Yard-O-Led: rewriting the future

In the heart of Birmingham's jewellery quarter, Yard-O-Led continues to write its own future by reading from its past.
Yard-O-Led: rewriting the future
Birmingham's jewellery quarter is not what you might expect. The Midlands city has a long and rich history of precious metalsmithery and fine jewellery creation, but the quarter itself is, if you'll excuse the pun, something of a hidden gem. It may be home to over 700 jewellers and independent retailers, but stroll about the backstreets and alleyways and you'd be forgiven for thinking the neighbourhood had been evacuated.

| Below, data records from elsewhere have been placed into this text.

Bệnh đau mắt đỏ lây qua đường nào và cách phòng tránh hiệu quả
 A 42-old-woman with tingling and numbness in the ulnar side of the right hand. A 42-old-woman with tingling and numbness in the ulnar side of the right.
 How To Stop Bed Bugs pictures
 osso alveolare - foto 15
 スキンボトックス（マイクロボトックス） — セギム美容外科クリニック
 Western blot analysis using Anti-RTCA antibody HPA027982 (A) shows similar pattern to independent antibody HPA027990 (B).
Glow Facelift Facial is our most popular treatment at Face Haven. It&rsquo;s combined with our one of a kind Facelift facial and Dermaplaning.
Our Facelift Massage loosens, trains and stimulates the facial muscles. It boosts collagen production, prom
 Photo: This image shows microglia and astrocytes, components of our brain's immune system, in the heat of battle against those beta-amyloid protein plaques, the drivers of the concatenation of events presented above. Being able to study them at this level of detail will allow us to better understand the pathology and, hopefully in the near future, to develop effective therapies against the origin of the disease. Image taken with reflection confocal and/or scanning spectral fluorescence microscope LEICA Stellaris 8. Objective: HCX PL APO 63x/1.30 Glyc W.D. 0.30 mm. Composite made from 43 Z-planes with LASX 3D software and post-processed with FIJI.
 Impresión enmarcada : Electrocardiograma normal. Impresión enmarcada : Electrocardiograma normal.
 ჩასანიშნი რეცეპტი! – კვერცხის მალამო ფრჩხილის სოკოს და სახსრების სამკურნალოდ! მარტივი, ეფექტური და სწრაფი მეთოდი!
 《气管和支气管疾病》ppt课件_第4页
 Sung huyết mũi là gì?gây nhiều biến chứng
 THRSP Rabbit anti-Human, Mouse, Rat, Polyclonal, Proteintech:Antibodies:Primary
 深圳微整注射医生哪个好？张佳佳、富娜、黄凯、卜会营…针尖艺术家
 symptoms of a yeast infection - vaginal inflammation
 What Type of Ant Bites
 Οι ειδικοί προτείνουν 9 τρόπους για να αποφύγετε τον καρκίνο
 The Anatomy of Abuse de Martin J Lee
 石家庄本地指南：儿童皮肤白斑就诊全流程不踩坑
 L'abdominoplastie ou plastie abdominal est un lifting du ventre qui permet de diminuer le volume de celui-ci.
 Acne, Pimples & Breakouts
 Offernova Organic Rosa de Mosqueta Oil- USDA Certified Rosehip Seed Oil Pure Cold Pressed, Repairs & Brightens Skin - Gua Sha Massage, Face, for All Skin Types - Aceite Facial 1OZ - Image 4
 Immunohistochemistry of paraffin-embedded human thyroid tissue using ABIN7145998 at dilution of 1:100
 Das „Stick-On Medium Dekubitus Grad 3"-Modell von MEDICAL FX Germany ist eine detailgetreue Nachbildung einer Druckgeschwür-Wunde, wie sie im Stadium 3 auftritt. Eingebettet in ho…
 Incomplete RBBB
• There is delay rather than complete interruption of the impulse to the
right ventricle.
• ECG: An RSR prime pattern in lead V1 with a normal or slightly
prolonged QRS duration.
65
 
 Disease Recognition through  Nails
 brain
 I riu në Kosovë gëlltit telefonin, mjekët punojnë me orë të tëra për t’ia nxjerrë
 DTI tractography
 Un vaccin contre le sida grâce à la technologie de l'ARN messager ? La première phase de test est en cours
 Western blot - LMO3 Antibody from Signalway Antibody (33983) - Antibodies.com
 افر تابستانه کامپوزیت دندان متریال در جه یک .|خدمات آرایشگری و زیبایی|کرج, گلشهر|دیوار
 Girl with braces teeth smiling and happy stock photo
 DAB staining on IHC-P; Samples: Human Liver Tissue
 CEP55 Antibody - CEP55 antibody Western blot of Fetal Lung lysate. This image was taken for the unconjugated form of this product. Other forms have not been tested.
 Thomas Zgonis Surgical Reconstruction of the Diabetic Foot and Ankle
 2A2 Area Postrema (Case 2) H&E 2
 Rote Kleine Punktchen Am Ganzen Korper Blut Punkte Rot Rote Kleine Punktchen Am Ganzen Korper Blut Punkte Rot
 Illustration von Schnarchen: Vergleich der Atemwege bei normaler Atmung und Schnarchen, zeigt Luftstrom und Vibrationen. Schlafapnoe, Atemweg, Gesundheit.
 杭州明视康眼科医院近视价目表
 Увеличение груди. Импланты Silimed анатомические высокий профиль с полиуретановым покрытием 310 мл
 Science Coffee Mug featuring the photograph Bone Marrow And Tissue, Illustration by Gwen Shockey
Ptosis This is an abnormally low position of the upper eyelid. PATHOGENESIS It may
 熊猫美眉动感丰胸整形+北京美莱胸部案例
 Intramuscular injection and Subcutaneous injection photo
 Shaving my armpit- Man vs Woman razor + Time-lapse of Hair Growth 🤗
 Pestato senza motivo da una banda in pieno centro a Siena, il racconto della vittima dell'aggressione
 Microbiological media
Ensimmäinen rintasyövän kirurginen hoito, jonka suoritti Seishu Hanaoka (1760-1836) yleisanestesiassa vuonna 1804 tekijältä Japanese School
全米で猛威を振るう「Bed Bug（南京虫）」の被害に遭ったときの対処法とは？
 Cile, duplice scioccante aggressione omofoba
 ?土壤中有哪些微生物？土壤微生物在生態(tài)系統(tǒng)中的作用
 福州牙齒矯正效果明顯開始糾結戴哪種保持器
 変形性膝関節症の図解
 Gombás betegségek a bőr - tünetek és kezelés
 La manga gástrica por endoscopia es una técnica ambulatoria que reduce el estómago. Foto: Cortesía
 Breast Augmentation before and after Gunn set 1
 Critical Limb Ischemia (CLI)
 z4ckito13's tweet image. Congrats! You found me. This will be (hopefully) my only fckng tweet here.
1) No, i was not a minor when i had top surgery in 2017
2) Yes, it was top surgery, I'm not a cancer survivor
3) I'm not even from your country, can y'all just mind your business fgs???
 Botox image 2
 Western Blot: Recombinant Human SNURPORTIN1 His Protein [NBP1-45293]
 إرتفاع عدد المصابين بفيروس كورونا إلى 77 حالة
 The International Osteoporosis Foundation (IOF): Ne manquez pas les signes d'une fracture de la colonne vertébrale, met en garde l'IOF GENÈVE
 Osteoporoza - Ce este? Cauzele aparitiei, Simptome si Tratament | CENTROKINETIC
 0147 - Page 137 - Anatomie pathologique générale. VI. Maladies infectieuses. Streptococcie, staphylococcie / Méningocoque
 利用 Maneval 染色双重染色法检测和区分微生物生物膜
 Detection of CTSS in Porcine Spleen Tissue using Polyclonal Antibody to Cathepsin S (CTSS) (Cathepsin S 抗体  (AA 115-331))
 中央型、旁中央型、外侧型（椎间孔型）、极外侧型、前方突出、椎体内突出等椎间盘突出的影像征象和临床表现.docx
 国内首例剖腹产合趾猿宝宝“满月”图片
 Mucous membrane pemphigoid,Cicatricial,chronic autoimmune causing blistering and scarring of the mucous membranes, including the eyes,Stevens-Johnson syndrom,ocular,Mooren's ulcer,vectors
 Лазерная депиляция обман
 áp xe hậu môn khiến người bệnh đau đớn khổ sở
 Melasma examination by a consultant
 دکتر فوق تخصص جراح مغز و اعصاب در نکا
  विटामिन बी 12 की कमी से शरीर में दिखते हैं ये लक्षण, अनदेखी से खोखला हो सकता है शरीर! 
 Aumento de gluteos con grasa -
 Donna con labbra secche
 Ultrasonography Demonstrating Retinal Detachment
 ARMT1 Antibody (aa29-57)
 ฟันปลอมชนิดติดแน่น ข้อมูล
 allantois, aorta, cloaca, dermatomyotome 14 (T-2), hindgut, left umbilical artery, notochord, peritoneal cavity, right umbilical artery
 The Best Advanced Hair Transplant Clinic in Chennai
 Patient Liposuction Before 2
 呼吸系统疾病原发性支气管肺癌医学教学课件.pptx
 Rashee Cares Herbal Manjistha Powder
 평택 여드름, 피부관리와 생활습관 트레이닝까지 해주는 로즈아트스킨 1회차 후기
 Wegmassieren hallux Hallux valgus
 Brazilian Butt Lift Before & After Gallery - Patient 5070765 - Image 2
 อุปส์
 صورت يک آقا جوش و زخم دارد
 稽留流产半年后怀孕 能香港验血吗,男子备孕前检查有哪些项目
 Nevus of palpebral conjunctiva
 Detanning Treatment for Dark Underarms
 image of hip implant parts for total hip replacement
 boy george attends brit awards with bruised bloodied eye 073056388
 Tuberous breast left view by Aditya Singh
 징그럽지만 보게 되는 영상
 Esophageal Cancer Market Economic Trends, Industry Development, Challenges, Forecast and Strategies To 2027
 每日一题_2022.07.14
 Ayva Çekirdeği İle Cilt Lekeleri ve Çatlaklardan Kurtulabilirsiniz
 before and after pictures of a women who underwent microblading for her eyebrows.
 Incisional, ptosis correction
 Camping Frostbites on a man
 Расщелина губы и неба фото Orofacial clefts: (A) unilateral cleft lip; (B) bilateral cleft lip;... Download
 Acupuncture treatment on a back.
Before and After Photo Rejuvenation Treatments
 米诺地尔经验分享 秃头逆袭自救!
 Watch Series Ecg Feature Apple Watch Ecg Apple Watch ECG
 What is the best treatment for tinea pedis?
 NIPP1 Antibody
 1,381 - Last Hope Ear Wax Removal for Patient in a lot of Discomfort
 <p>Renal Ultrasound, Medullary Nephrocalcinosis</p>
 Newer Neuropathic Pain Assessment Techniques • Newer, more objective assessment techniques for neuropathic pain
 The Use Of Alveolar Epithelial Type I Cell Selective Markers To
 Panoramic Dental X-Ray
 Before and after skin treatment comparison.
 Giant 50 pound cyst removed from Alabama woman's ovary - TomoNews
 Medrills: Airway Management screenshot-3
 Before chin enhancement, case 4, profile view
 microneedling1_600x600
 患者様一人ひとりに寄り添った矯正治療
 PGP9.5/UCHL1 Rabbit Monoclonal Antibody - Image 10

The streets may be on the quiet side, but step inside the old warren-like red-brick buildings and you'll be met with the low hum of modern machinery, and the bang, thud, grind of the slightly more antiquated variety. At least that is how it is at Yard-O-Led on Spencer Street, where I am visiting with Director Emma Field. Yard-O-Led, as Emma Points out, is a small operation with a big heritage, having been in the niche business of handcrafting sterling silver writing implements since 1934, but whose history actually dates back to around the turn of the 19th century and to one Sampson Mordan. He was the favourite apprentice and assistant of a locksmith by the name of John Bramah, and his associate Michael Faraday. It's unclear whether Mordan fancied himself as something of a scribe but he certainly showed aptitude in crafting the writer's tools.
Photo by Rikesh Chauhan.
Photo by Rikesh Chauhan.
On 20th December 1822, Mordan patented his “ever-pointed” propelling pencil, the precursor to the technical pencil used all over the world today. The real leap of design came with Ludwig Brenner some 78 years later. Brenner had reached London from Pforzheim, Germany, before the first world war and had established his business in Charterhouse Street, near Hatton Garden, the centre of the London jewellery trade, where he registered his patent on an improved propelling pencil mechanism. His patent allowed the pencil to hold 12 three-inch leads, thus making a yard of lead length, and with that he established The Yard-O-Led Pencil Company.

 

 

Apart from a period during the Second World War when its hand-operated machines were sequestered by the Military of Defence and put to use making munitions, Yard-O-Led have been consistently (and very quietly) creating some of the finest writing instruments in the world. And against all odds, because in many ways this humble company has been swimming against the tide of technology.
Ironically, Yard-O-Led was bought by the Filofax Group in 1988. If you're old enough to remember Filofaxes then you're also old enough to remember how integral they were to quotidian business life, until all of a sudden they weren't, usurped almost overnight by digital devices with seemingly infinite capacity. Yet in Yard-O-Led, the Filofax Group had something precious, and not just in the metallurgical sense. Here was a unique 'family' of silver-working artisans who were dedicated to creating implements that would last not just one lifetime, but many; instruments that would pass from hand to hand, through generations. What makes Yard-O-Led instruments so special is their individuality, because each silver 'chaser' (the chaps who make the 'chased' patterns onto the barrels) adopts his own unique pattern, incorporating over 3000 taps of his mallet. Chasing is the process of hammering a punch into the metal, as opposed to engraving which carves the metal out. Having had a go myself, I can inform you that while it may look simple to execute, it is monstrously difficult to do even reasonably well. As everything is done by sight, no two patterns are ever quite the same. While technology progresses at rapacious speed, it's comforting to know that there are still industries, however small, that still seem to granulate time. At Yard-O-Led, even the engine turning machines, which are responsible for engraving the vertical lines running down some of the barrels, were built in Birmingham in 1857 and are still as precise today as they have always been. Indeed, speaking to the handful of artisans here, it's clear that every single one of them feels huge pride in the process, and quite rightly when one regards the finesse of the finished product. Yard-O-Led's most magisterial implement and the one it is best known for is the Viceroy Grand fountain pen. Feeling substantial and perfectly balanced, it has passed through many hands to eventually get to yours, where it will no doubt feel very at home. But such is Yard-O-Led's legacy, that I dare say such an implement will pass through many hands after yours has written its final words. In that sense, it's a metallurgical palimpsest, writing new histories as times pass.